Employment income: gifts not taxable as earnings
Section 62 ITEPA 2003
A gift does not count as earnings within section 62 if it’s made:
- on personal grounds (for example, a wedding present)
- as a mark of personal esteem or appreciation
It is not possible to list factors that will determine with certainty whether or not a gift is taxable as earnings. In those cases where the courts held that a gift to an employee was not taxable, the facts tended to be special. The main cases where gifts were held not to be taxable are shown in the following table.
|Turner v Cuxson (2TC422)||A grant from a religious society in recognition of faithful service by a clergyman|
|Cowan v Seymour (7TC372)||Gift by shareholders to a person who wound up the company|
|Reed v Seymour (11TC625)||Proceeds of a cricketer’s benefit match|
|Bridges v Beardsley (37TC289)||Gift of shares to the director of a company|
|CIR v Morris (44TC685)||A gift to mark appreciation of work done by an employee during a period of secondment|
|Moore v Griffiths (48TC338)||A bonus to members of England’s football team which won the World Cup in 1966|
As regards Christmas presents paid in cash to employees by employers, see EIM01040.

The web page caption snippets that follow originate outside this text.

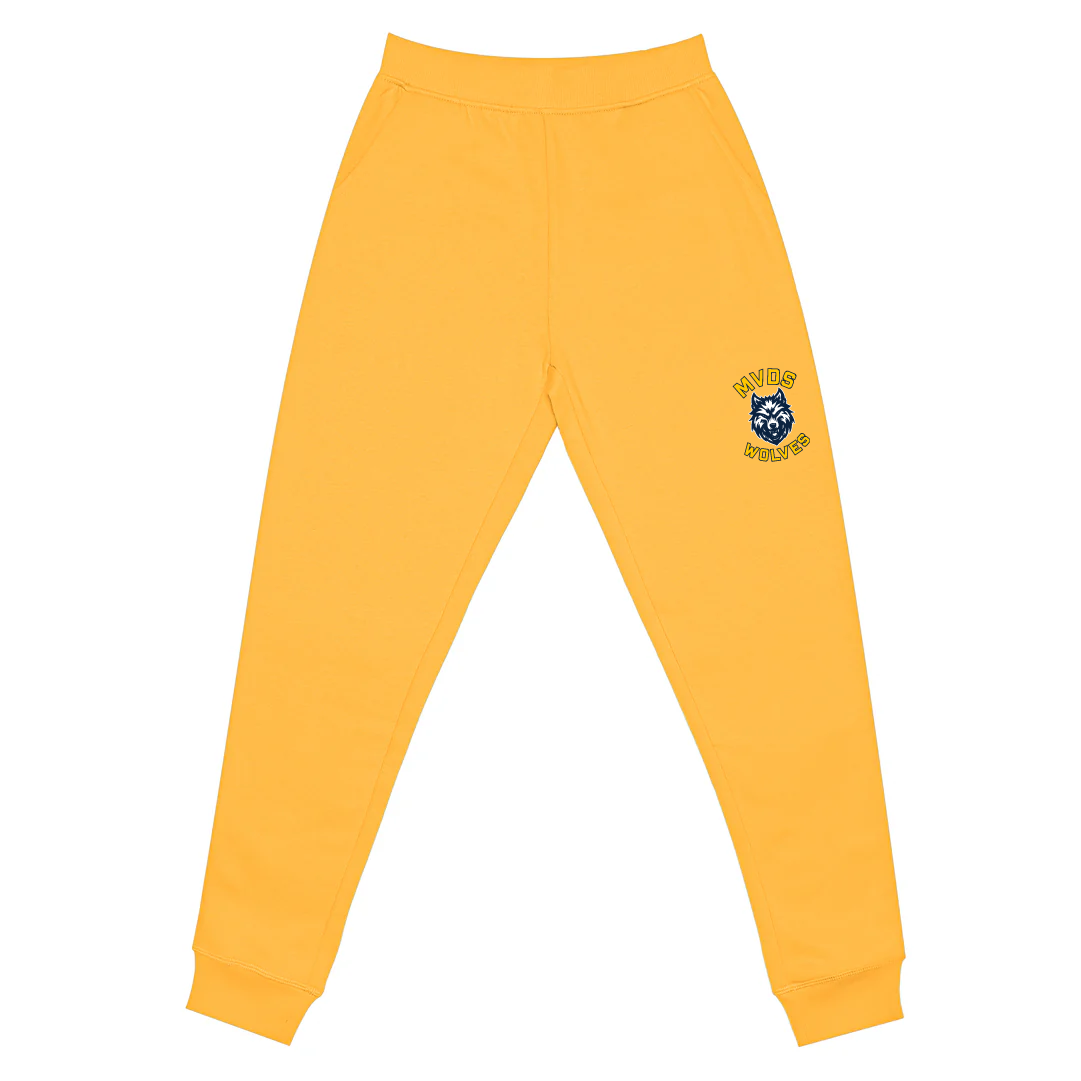 MVDS - Embroidered Unisex Joggers (Relaxed Fit)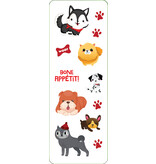 Peter Pauper Press Puppies Sticker Set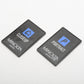 Minolta Maxxum 2X Expansion Cards + Pouch for 5000i 7000i 700si 8000i, Nice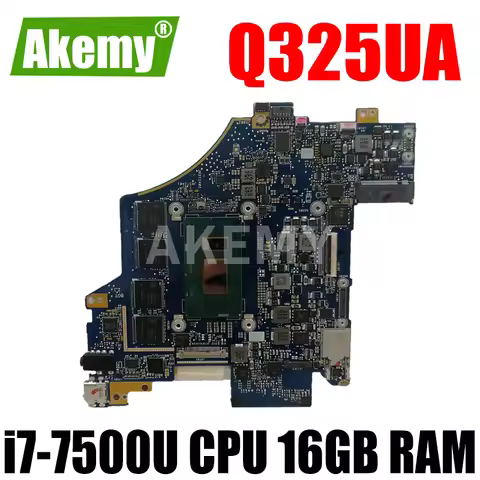 For ASUS ZenBook Flip Q325UAR Q325UA UX370 UX370U UX370UA Mainboard Laptop Motherboard CPU i3 i5 i7 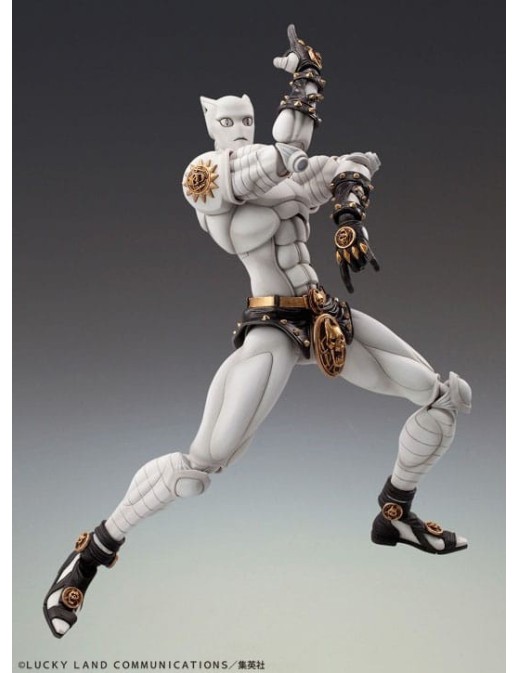 Medicos Super Action Statue JoJo's Bizarre Adventure Diamond is Unbreakable Killer Queen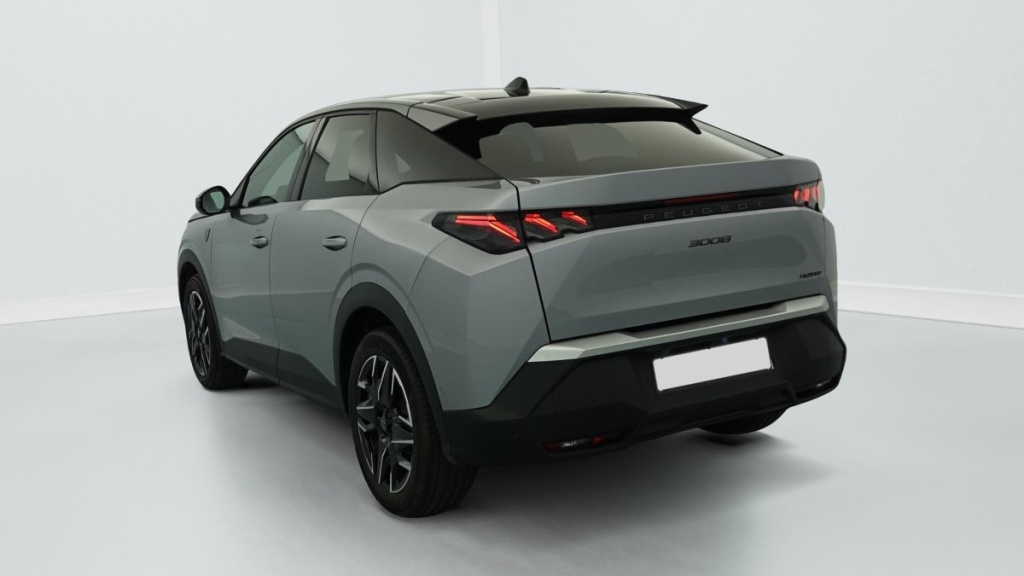 PEUGEOT 3008 Hybrid 145 e-DCS6 GT - ref: 1-378637 - Photo 5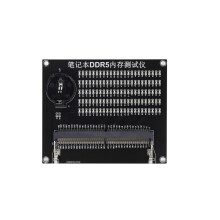 Memory Card for Laptop Notebook DDR5 DDR4 DDR3 Memory Slot Diagnostic Tool Tester Card with LED Indicators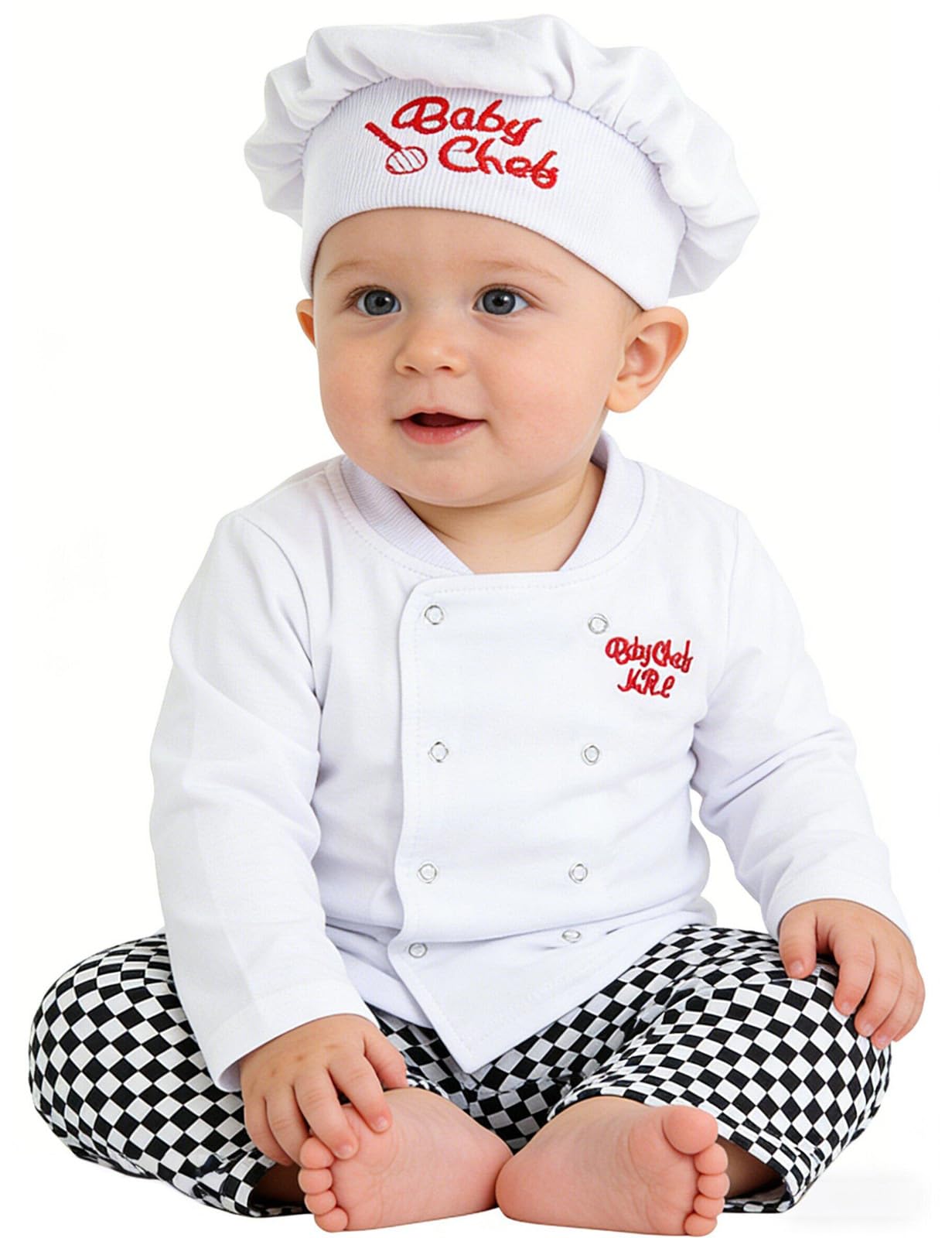 Ensemble Chef Bébé Garçons Halloween Tenue 0-4 Ans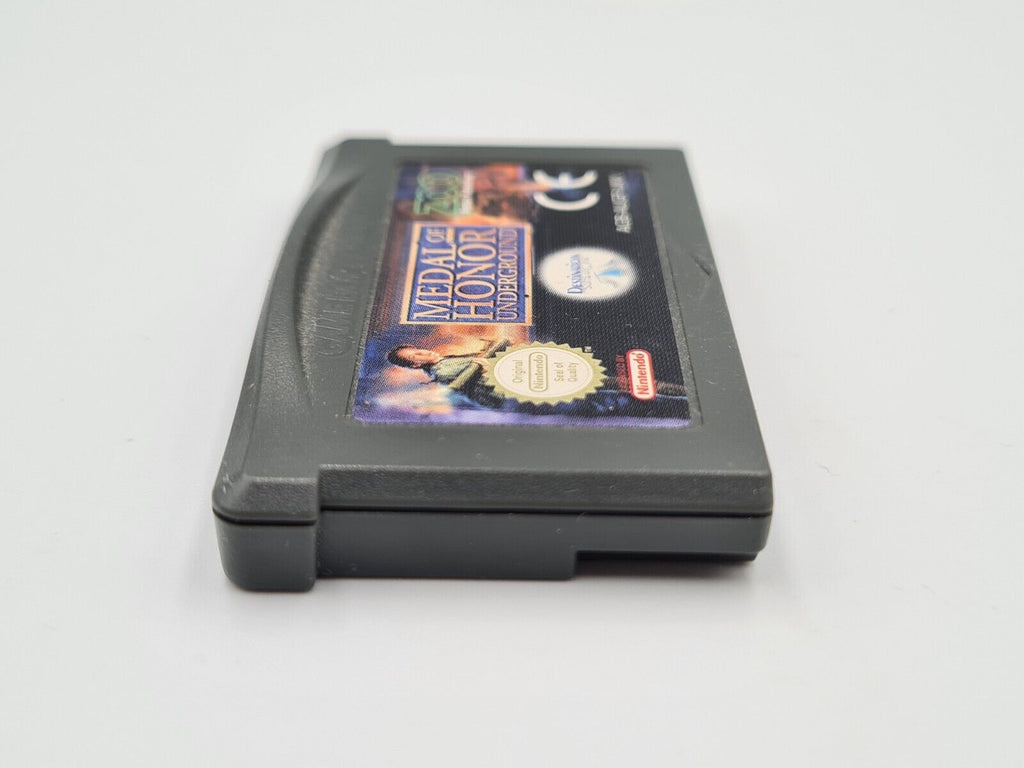 Nintendo Game Boy Advance Medal of Honor Underground Modul UKV - T-Retro-Games 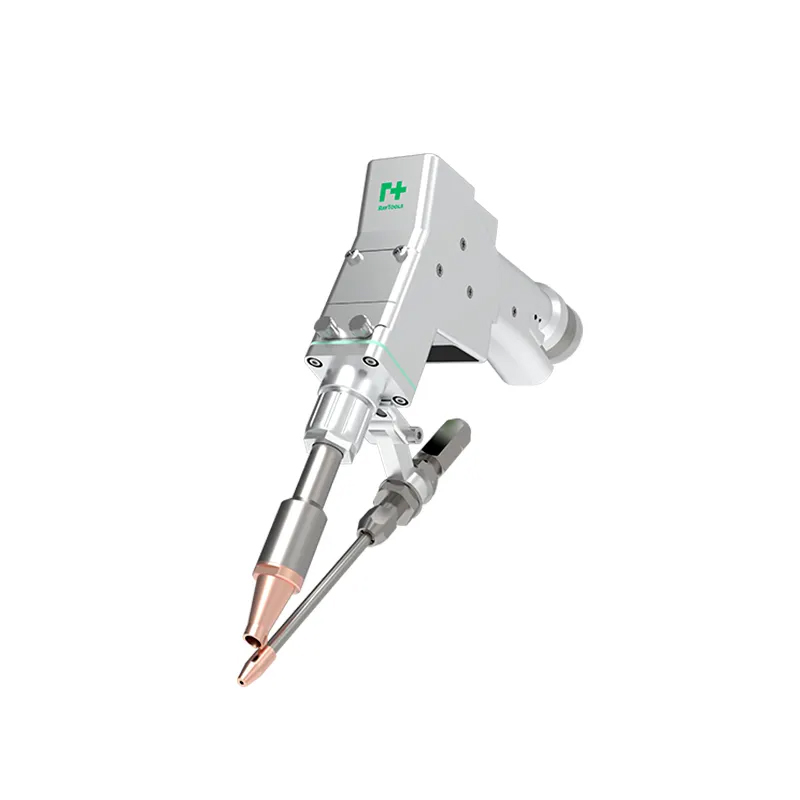 Портативная лазерная сварочная головка Raytools BH02K Dual Galvo для лазерной сварки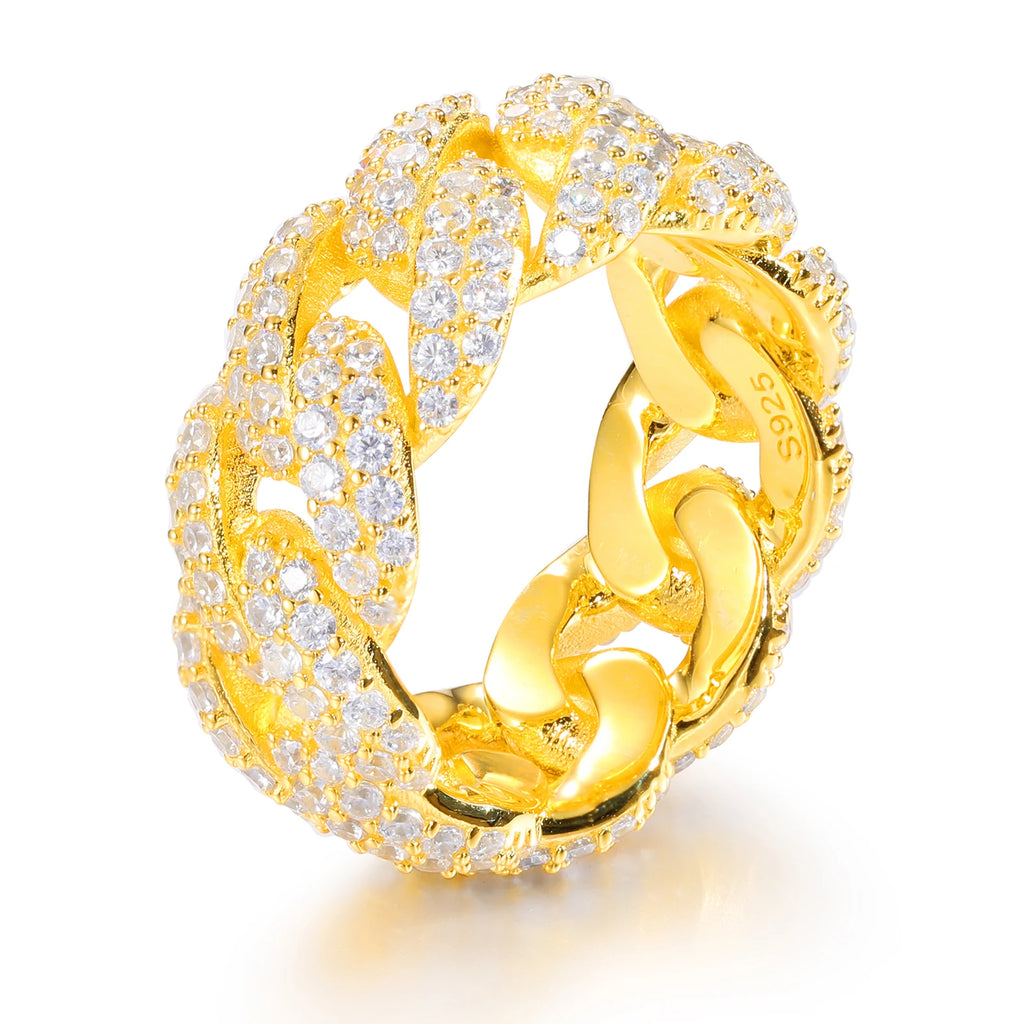 Cuban Link Ring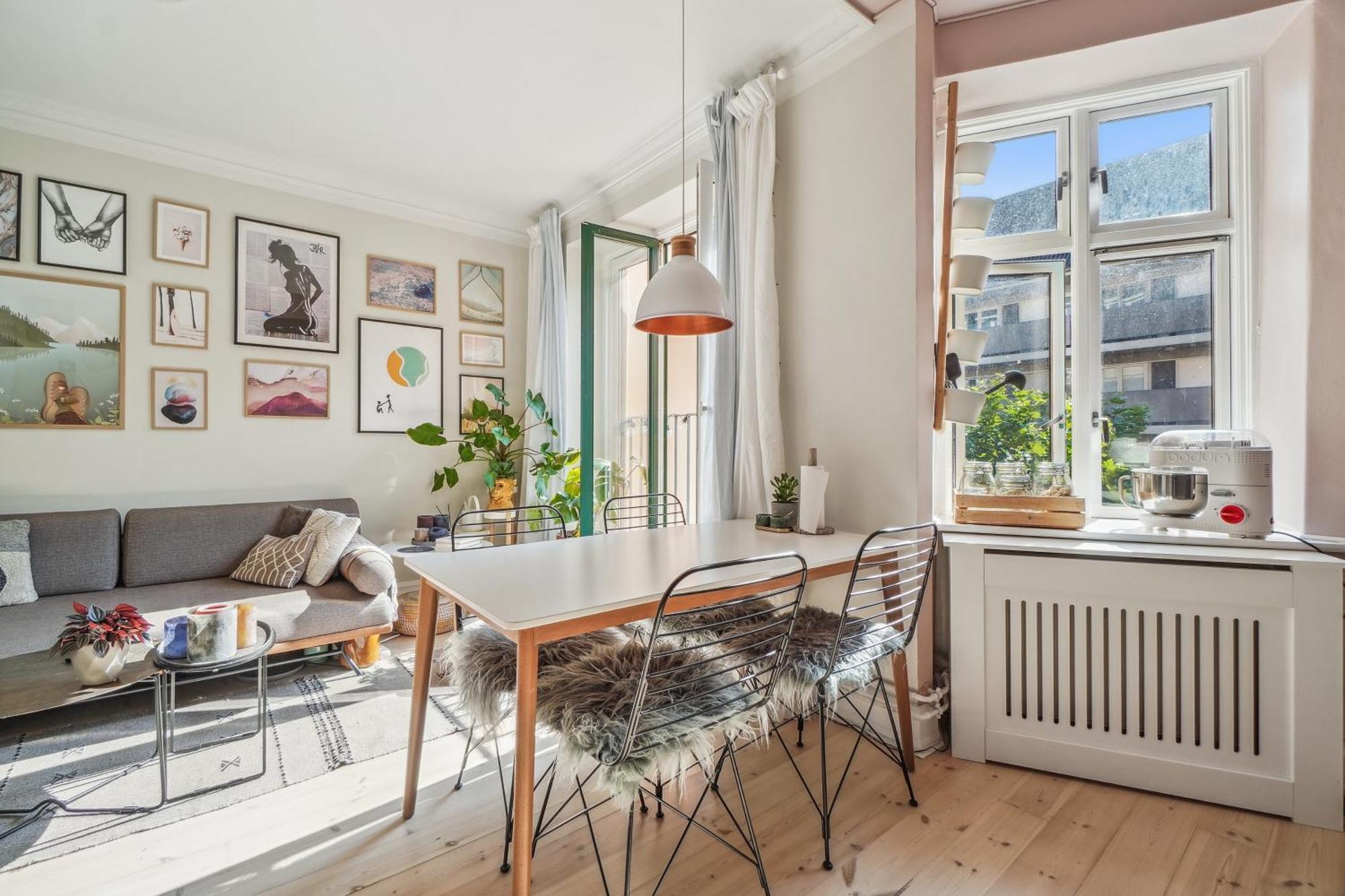 Nyistandsat 1br Lejlighed I Hjertet Af Norrebro * Copenhaga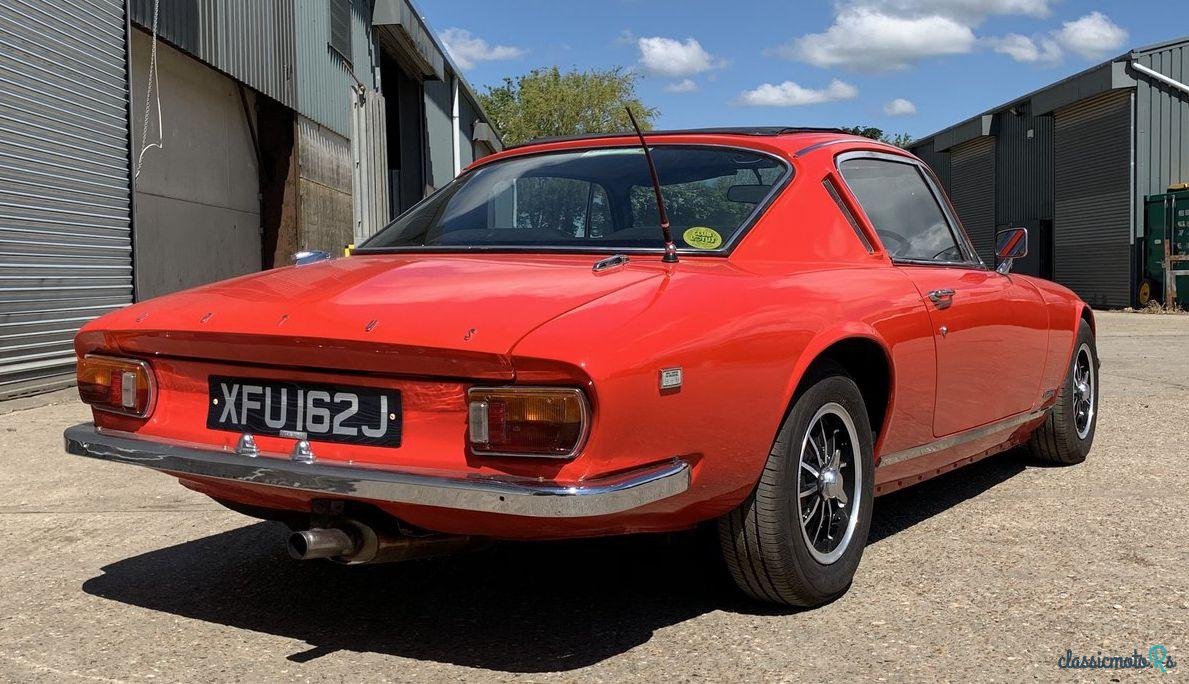 1971' Lotus Elan photo #2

Gifts that are not cash and don’t have a money’s worth value (EIM00530), are not earnings taxable under section 62. But they may be taxable under the benefits code (EIM20006), as may cash gifts and gifts that have money’s worth value, not taxable as earnings (EIM21006).
Gifts that are made after the employment has ceased may be taxable as specific employment income within section 401 ITEPA 2003, if they are not taxable as earnings (see EIM13010 onwards).